As I mentioned in the conclusion of the last article, if we want to change how we store information in redis all we should have to do is to change is change the inner workings of the functions add_user, authenticate_user, delete_user and the rest of our fictitious application should operate without any changes.

Creating a new user

r = redis.Redis("localhost")
from hashlib import md5

def add_user(username, fullname, password):
    if r.sadd("users", username):
        #r.set("user:%s:fullname" % username, fullname)
        #r.set("user:%s:password" % username, md5(password).hexdigest() )
        r.hset("user:%s" % username, "fullname", fullname)
        r.hset("user:%s" % username, "password", md5(password).hexdigest())
        return True
    else:
        return False

I left the original code in the function commented out so we can see the differences in the two methods here. In our original method we used the name space of redis itself to store the reference. In the updated fashion we are using redis’s hash data type to store the related fields.

>>> add_user("adam", "Adam Smith", "wealthofnations")
True
>>> add_user("adam", "Adam Smith", "wealthofnations")
False

This function operates in the same fashion as our old version did but, is using a different data structure in the backend.

Logging a user in

Now we’ll refactor our old authentication code to work with the new backend.
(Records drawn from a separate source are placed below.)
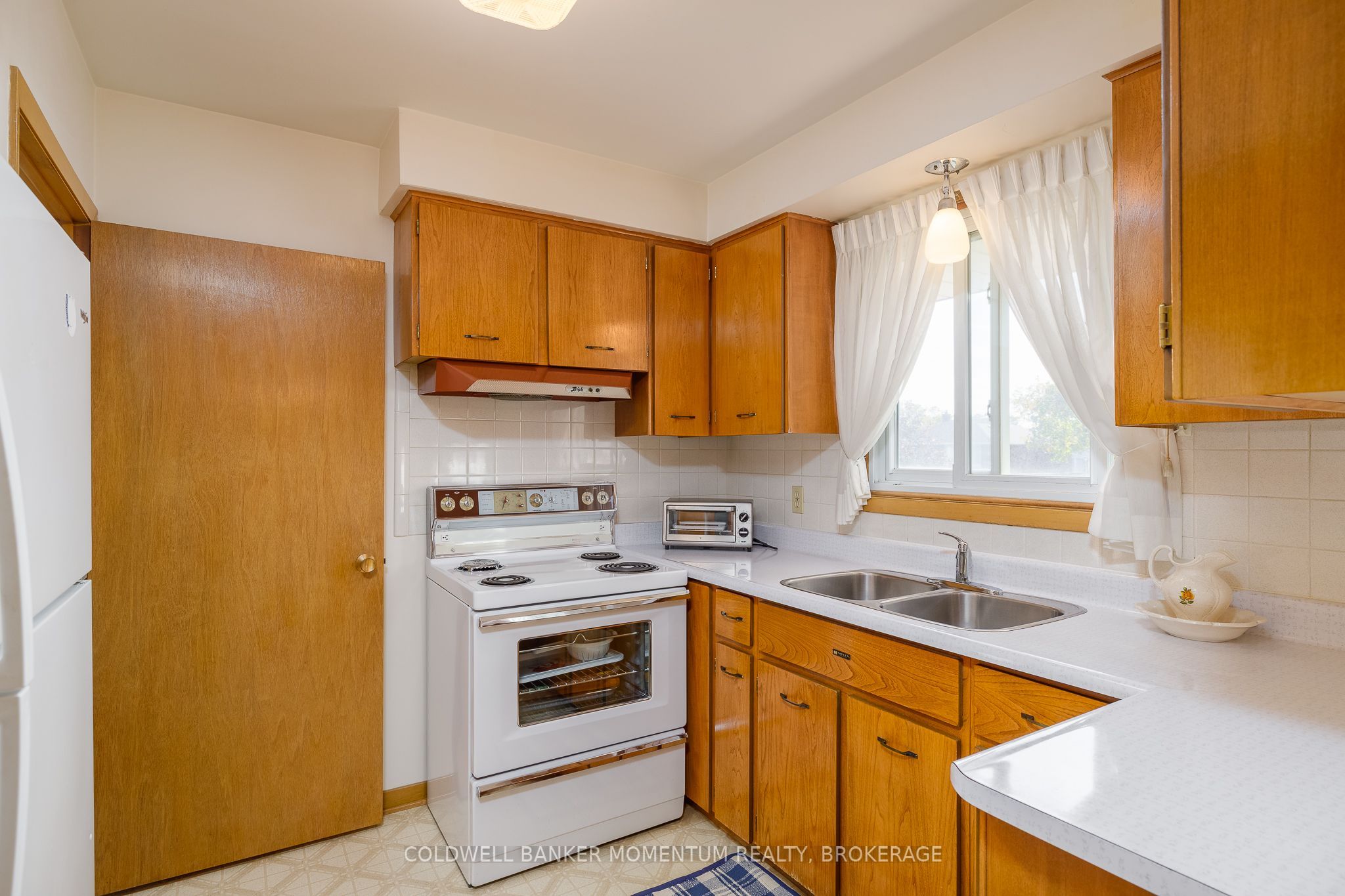 70 Rose Avenue Property Photo 11
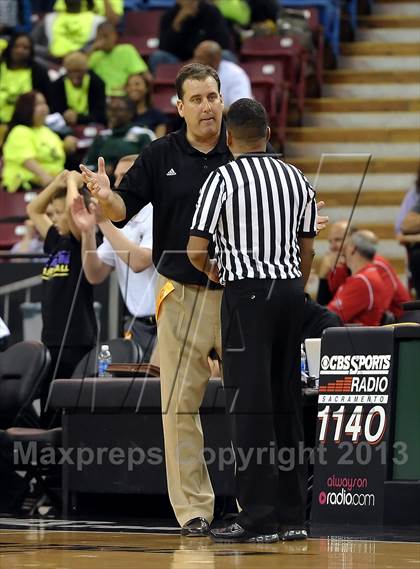 Thumbnail 2 in St. Augustine vs. Sacred Heart Cathedral (CIF State D3 Final) photogallery.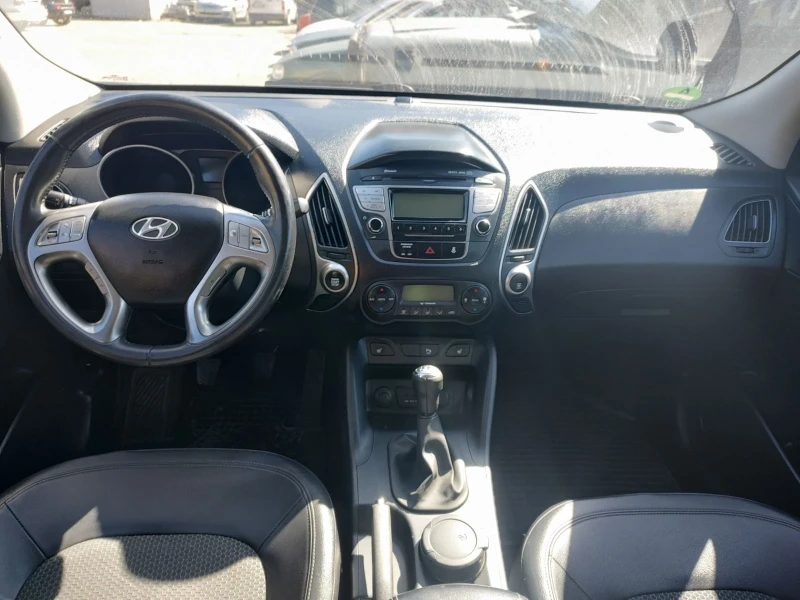 Hyundai IX35 2.0i, снимка 6 - Автомобили и джипове - 49454488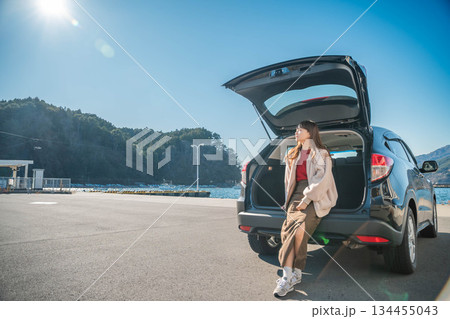 晴れた日の海にドライブにきた若い女性 晴れた日の海にドライブにきた若い女性 134455043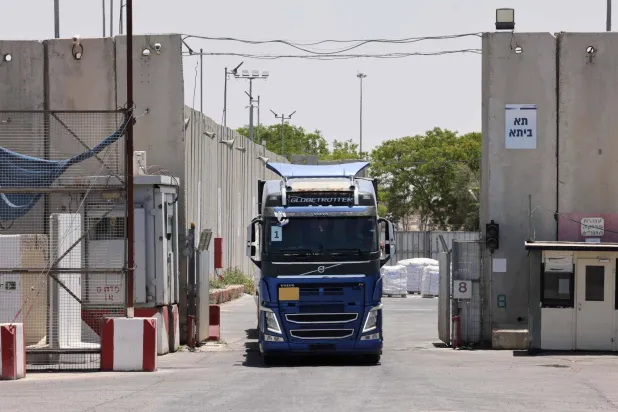 شاحنة تحمل مساعدات إنسانية في طريقها لدخول قطاع غزة عبر معبر كرم أبو سالم (أ.ف.ب)
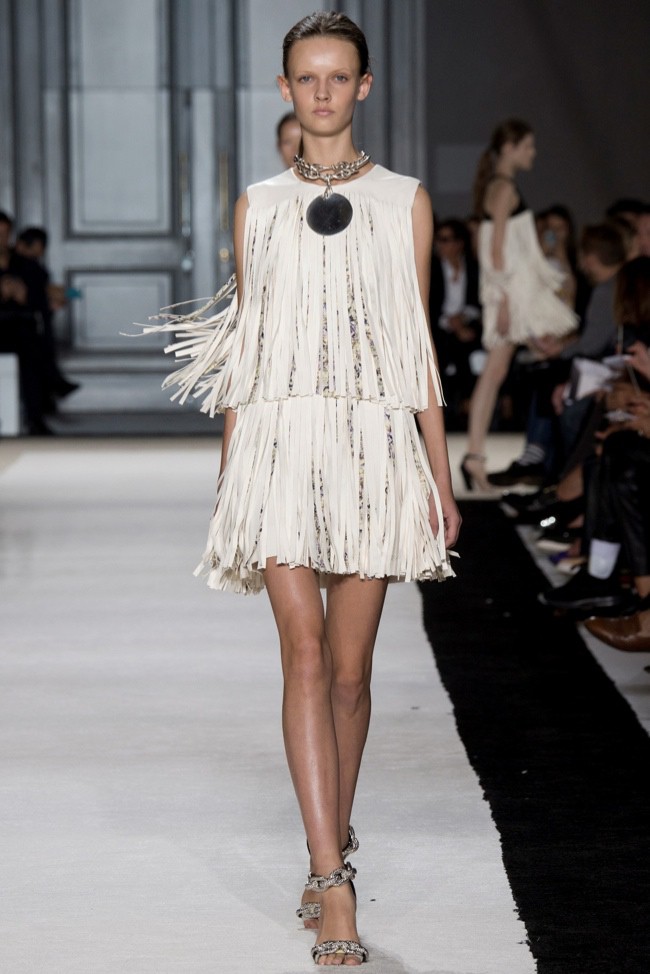 WTFSG_giambattista-valli-2015-spring-summer-runway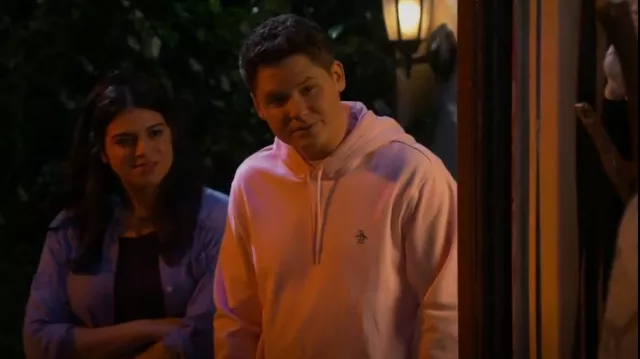 Sweat à capuche Penguin original porté par Quinten (Matt Shively) comme on le voit dans Lopez vs Lopez (S01E19)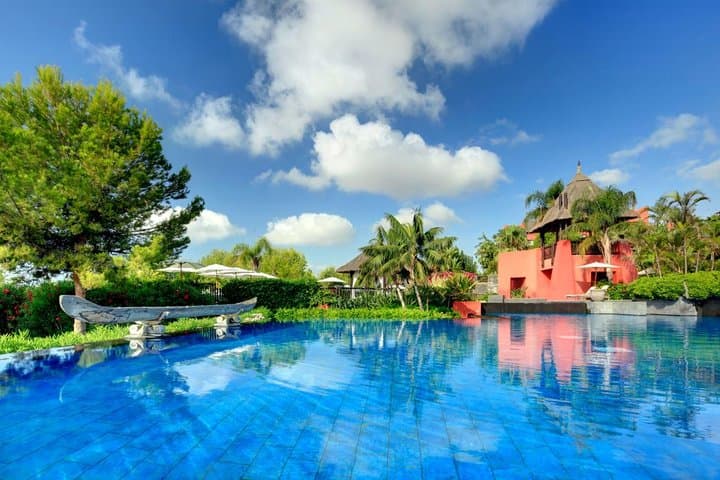 Asia Gardens Hotel And Thai Spa; A Royal Hideaway Hotel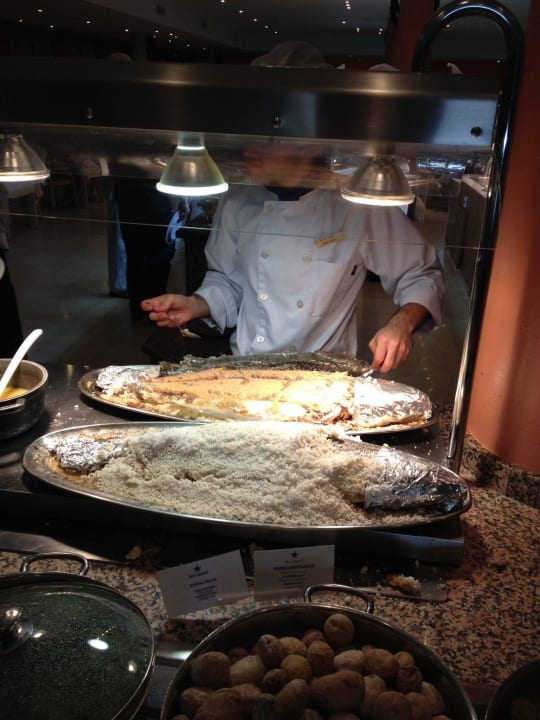 Frischer Lachs wird serviert Iberostar Selection Fuerteventura Palace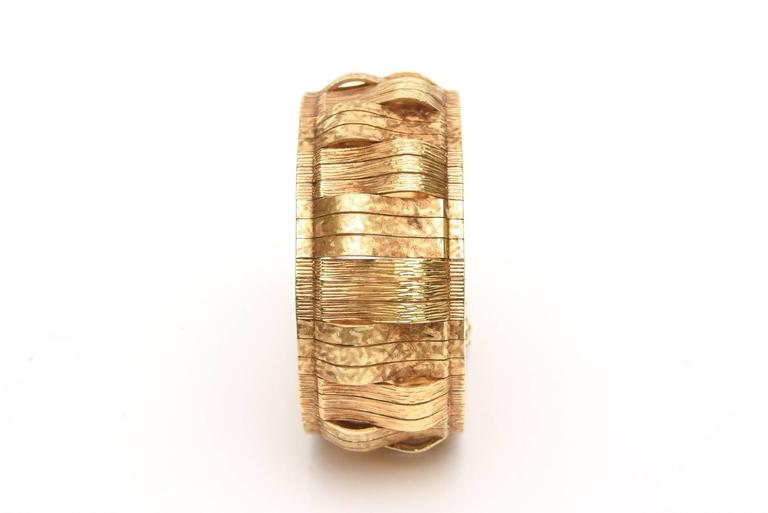 Italian 18 Karat Gold Sculptural Cuff Bracelet Vintage In Good Condition For Sale In North Miami, FL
def authenticate_user(username, password):
    #if username in r.smembers("users"):
    if r.sismember("users", username"):
        passhash = md5(password).hexdigest()
        #if passhash == r.get("user:%s:password" % username):
        if passhash == r.hget("user:%s" % username, "password"):
            return True
        else:
            return False
    else:
        return False

Just as in the add_user function, we just need to make a small change. Now instead of fetching the related redis key we simply fetch the field from the hash of “user:*username*”.

>>> authenticate_user("adam", "wealthofnations")
True
>>> authenticate_user("adam", "bad_password")
False

We can see the function again performs just like the old function but, it pulls the password from the hash object instead of the related key

Deleting a user

Deleting a user using the hash store is much easier than using the related key store, since everything is just stored in one key instead of being spread out across multiple keys.

def delete_user(username):
    #if username in r.smembers("users"):
    if r.sismembers("users", username):
        r.srem("users", username)
        r.delete("user:%s" % username)
        #r.delete("user:%s:fullname" % username)
        #r.delete("user:%s:password" % username)
        return True
    else:
        return False
<pre>

Now instead of having to delete the 2 related keys, we just need to delete the one key storing the hash of all of the user data


9 Comments on “Redis: Relations in a NoSQL world: Using Hashes”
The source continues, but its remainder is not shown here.